Acute Coronary Syndromes
Ignatavicius: Medical-Surgical Nursing, 10th Edition
MULTIPLE CHOICE
1. A client with coronary artery disease (CAD) asks the nurse about taking fish oil
supplements. What response by the nurse is best?
a. “Fish oil is contraindicated with most drugs for CAD.”
b. “The best source is fish, but pills have benefits too.”
c. “There is no evidence to support fish oil use with CAD.”

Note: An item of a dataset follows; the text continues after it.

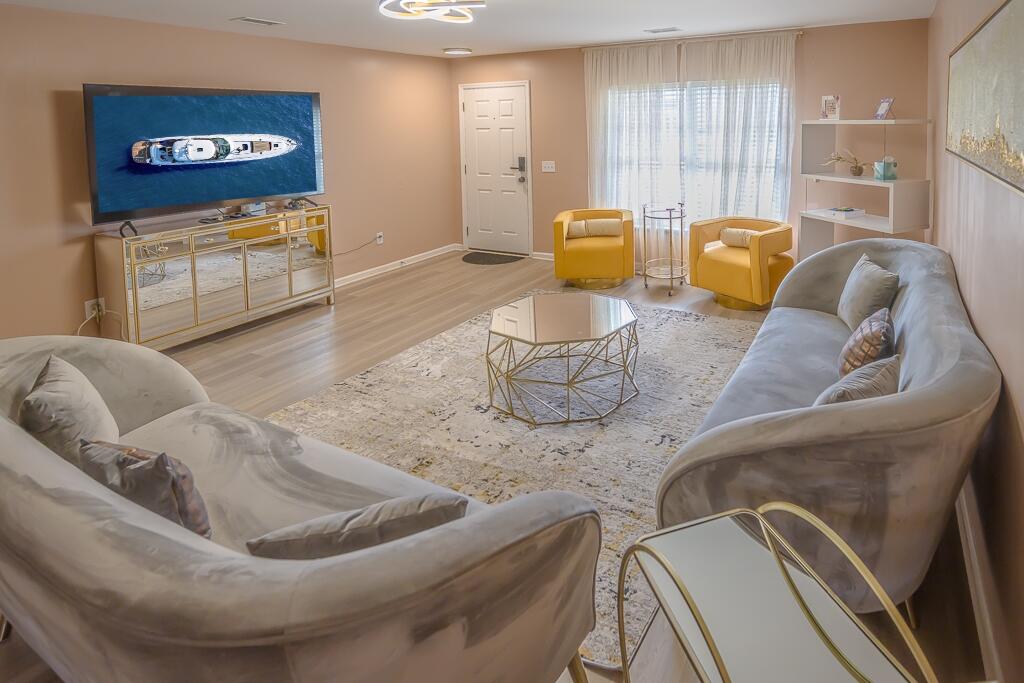 1100 Deerberry Road Hanahan, SC 29445 - Photo 5 of 44 Family Room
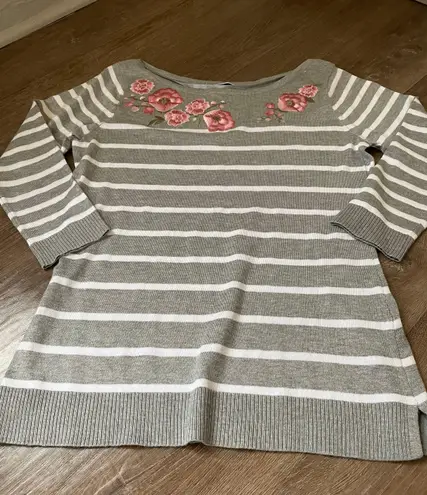 Karen Scott 3/4 sleeve striped sweater embroidered women’s size small NEW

d. “You can reverse CAD totally with diet and supplements.”
ANS: B
Omega-3 fatty acids have shown benefit in reducing lipid levels, in reducing the
incidence of sudden cardiac death, and for stabilizing atherosclerotic plaque. The
preferred source of omega-3 acids is from fish rich in long-chain n-3 polyunsaturated
fatty acids two times a week or a daily fish oil nutritional supplement (1 to 2 g/day).
The other options are not accurate.
DIF: Understanding TOP: Integrated Process: Teaching/Learning
KEY: Coronary artery disease, Health teaching MSC: Client
Needs Category: Health Promotion and Maintenance
2. A client has presented to the emergency department with an acute myocardial
infarction (MI). What action by the nurse is best for optimal client outcomes?
a. Obtain an electrocardiogram (ECG) within 20 minutes.
b. Give the client a nonenteric coated aspirin.
, c. Notify the Rapid Response Team immediately.
d. Prepare to administer thrombolytics within 30 minutes.
ANS: B
Best practice recommendations for acute MI require that aspirin is administered when
a client with MI presents to the emergency department or when an MI occurs in the
hospital. A rapid ECG (within 10 minutes) is vital for best outcomes. The Rapid
Response Team is not needed if an emergency department provider is available.
Thrombolytics may or may not be needed depending on the type of myocardial
infarction the client has.
DIF: Remembering TOP: Integrated Process: Nursing Process:
Implementation KEY: Coronary artery disease, Best practice
MSC: Client Needs Category: Safe and Effective Care Environment:
Management of Care
3. A nurse is caring for four client s. Which client would the nurse assess first?
a. Client with an acute myocardial infarction, pulse 102 beats/min
b. Client who is 1 hour post-angioplasty, and has tongue swelling and anxiety
c. Client who is post coronary artery bypass, with chest tube drained 100 mL/hr
d. Client who is post coronary artery bypass, with potassium 4.2 mEq/L (4.2
mmol/L)
ANS: B
The post-angioplasty client with tongue swelling and anxiety is exhibiting signs and
symptoms of an allergic reaction (perhaps to the contrast medium) that could progress
to anaphylaxis. The nurse would assess this client first. The client with a heart rate of
102 beats/min may have increased oxygen demands but is just over the normal limit
for heart rate. The two post coronary artery bypass clients are stable.
, DIF: Analyzing TOP: Integrated Process: Nursing Process: Analysis
KEY: Coronary artery disease, Critical rescue MSC: Client
Needs Category: Safe and Effective Care Environment: Management of Care
4. A nurse is caring for a client who is intubated and has an intra-aortic balloon pump.
The client is restless and agitated. What action would the nurse perform first for
comfort?
a. Allow family members to remain at the bedside.
b. Ask the family if the client would like a fan in the room.
c. Keep the television tuned to the client’s favorite channel.
d. Speak loudly to the client in case of hearing problems.
ANS: A
Allowing the family to remain at the bedside can help calm the client with familiar
voices (and faces if the client wakes up). A fan might be helpful but may also spread
germs through air movement or may agitate the client further. The TV would not be
kept on all the time to allow for rest. Speaking loudly may agitate the client more.
DIF: Applying TOP: Integrated Process: Nursing Process:
Implementation KEY: Intra-aortic balloon pump, Nonpharmacologic
comfort measures MSC: Client Needs Category: Physiological Integrity:
Basic Care and Comfort
5. The nurse is caring for a client with a chest tube after a coronary artery bypass graft.
The drainage stops suddenly. What action by the nurse is most important?
a. Increase the setting on the suction.
b. Notify the primary health care provider immediately.
c. Reposition the chest tube.
d. Take the tubing apart to assess for clots.